Government policy uncertainty and South Africa’s unreliable electricity supply are specific structural concerns that investors are also grappling with.
Markets are often not a reflection of the real economy. This is especially true in South Africa, where low levels of savings have limited most of the population from investing in listed assets. While tough economic conditions and political instability present a difficult backdrop for investors, it is important to recognise that markets are inherently forward-looking.
In the long term markets tend to be relatively efficient in pricing assets. In the short term, however, asset pricing can dislocate from underlying fundamentals as the market extrapolates current economic conditions too far into the future.
Shifting expectations for JSE-listed equities
South African equities are priced for especially bad outcomes that have largely been baked into current valuations. It is especially important for investors to be mindful of this at this stage in the economic cycle. The investment thesis for domestic equities does not rely on any of the country’s cyclical or structural challenges being resolved. It simply needs expectations around the extent to which those challenges will impact listed companies to be slightly less bad than what is currently priced in.

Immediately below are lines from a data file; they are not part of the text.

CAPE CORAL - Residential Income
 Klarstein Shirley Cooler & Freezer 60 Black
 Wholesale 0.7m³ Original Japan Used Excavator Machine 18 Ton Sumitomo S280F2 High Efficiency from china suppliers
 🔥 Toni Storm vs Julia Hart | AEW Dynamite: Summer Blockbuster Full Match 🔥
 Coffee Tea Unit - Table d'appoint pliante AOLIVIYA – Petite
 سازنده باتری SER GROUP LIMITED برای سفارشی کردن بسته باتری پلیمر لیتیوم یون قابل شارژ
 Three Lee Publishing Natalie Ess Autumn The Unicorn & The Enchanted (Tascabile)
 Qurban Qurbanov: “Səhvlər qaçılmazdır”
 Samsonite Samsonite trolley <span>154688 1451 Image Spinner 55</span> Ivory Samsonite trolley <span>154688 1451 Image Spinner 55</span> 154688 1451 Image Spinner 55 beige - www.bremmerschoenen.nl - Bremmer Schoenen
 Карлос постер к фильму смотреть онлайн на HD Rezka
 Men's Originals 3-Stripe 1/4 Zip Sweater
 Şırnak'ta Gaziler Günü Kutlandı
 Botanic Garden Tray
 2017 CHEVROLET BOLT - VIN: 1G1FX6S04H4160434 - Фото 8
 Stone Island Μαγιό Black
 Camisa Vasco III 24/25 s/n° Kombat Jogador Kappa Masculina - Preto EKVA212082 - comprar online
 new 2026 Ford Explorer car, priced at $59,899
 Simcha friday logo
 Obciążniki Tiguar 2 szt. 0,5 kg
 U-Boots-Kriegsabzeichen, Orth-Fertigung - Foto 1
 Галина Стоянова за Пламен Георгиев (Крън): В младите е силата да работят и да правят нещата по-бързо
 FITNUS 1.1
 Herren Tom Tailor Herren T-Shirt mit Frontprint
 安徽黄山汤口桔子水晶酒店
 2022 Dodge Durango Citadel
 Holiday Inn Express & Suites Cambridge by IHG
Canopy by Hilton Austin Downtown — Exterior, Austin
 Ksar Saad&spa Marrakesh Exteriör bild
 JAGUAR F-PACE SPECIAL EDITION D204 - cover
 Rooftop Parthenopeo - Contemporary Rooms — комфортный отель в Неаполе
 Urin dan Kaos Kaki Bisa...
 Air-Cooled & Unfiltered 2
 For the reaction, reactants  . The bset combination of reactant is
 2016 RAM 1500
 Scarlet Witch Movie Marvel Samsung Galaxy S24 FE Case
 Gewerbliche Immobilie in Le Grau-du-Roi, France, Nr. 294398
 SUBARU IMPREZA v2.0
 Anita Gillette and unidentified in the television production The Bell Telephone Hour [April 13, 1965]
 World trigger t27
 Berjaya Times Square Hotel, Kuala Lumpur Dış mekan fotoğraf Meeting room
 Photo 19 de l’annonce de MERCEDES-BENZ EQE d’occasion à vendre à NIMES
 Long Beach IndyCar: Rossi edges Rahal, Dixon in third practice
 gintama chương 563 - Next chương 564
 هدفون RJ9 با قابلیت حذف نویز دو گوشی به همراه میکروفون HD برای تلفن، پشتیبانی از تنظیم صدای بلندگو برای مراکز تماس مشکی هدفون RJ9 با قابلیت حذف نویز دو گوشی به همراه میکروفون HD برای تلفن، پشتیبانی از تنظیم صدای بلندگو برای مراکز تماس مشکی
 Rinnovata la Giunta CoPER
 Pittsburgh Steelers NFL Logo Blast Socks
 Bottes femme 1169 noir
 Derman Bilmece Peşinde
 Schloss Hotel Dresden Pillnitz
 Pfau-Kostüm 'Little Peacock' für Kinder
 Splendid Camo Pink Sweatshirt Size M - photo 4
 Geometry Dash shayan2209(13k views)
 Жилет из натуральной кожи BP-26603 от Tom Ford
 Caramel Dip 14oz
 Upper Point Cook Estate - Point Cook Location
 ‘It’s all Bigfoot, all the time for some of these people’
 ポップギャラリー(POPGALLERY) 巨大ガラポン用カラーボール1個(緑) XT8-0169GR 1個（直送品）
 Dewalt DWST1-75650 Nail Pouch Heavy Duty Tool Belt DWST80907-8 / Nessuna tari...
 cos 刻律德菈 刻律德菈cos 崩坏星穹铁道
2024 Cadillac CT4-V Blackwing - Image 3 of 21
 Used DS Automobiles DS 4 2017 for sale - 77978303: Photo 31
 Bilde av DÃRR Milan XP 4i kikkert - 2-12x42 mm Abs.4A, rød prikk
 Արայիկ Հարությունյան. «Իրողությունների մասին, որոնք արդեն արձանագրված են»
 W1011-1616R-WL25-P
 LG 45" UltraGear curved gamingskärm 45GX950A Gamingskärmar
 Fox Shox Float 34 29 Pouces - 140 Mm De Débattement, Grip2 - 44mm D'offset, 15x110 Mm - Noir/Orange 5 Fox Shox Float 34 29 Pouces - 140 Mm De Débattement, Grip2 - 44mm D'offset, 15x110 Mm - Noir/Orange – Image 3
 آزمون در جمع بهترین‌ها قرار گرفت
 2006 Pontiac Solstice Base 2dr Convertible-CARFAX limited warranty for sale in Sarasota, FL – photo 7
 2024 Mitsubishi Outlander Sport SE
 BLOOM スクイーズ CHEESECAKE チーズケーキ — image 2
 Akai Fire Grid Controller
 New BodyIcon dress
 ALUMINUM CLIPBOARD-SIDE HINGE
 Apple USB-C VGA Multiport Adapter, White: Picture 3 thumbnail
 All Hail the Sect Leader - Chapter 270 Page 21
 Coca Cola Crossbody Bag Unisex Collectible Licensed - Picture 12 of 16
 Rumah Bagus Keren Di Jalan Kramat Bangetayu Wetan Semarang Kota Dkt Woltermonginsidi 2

Underlying company fundamentals show that the domestic equity market is relatively well insulated from the especially negative outlook that has been extrapolated for South Africa. There are tangible country-specific risks, but listed companies have built robust business models with well-diversified income streams that are less dependent on the country’s near-term economic prospects than they appear to be.
Rand-based entry point into global companies
Approximately 69% of revenue from Johannesburg Stock Exchange-listed companies is generated outside of South Africa.
For local investors, the JSE provides a rand-based entry point into established multi-national companies with operations diversified by region, country, industry, business segment and currency. These are not South African businesses, but rather global conglomerates that happen to be listed on the domestic stock exchange.
Naspers has accounted for a relatively outsized contribution to the total returns at the FTSE/JSE All Share Index (ALSI) level over the past 10 years, with investors largely viewing the listing as a cheaper entry point into the Chinese technology conglomerate Tencent.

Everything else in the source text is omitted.